The data Start Marker

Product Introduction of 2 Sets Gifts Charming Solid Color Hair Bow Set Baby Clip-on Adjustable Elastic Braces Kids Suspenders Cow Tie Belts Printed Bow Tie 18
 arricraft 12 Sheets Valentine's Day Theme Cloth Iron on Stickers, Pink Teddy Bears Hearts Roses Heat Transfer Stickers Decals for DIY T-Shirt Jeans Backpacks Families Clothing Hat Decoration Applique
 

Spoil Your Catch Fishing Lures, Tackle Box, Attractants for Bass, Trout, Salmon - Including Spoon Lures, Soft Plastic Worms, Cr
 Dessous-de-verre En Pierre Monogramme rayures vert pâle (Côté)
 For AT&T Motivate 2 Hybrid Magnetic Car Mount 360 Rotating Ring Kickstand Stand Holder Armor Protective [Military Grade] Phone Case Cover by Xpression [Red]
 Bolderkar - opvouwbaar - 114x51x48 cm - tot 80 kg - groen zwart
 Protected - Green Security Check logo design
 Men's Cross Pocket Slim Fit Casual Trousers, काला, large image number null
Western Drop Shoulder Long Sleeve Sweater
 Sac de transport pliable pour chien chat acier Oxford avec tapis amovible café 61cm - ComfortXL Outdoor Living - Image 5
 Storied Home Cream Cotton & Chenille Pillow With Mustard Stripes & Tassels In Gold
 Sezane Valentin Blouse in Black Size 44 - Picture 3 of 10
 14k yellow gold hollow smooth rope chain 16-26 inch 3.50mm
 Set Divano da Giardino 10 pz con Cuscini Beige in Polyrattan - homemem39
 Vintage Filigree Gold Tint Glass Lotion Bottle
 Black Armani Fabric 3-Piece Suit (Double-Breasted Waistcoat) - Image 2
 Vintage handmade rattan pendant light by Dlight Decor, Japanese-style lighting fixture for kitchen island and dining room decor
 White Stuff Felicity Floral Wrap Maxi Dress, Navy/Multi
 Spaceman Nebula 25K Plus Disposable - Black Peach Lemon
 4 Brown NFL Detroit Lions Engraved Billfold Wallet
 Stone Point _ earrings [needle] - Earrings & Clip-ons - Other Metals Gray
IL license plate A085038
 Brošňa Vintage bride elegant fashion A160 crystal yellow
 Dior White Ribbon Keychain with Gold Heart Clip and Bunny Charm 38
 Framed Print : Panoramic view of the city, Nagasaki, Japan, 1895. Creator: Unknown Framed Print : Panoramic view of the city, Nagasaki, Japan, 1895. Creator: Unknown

The data End Marker

## Task goal
Nothing but the lines from the one holding "Brošňa Vintage bride" to the end of the entries should be returned, each exactly as it stands.

## Exercise result
 Brošňa Vintage bride elegant fashion A160 crystal yellow
 Dior White Ribbon Keychain with Gold Heart Clip and Bunny Charm 38
 Framed Print : Panoramic view of the city, Nagasaki, Japan, 1895. Creator: Unknown Framed Print : Panoramic view of the city, Nagasaki, Japan, 1895. Creator: Unknown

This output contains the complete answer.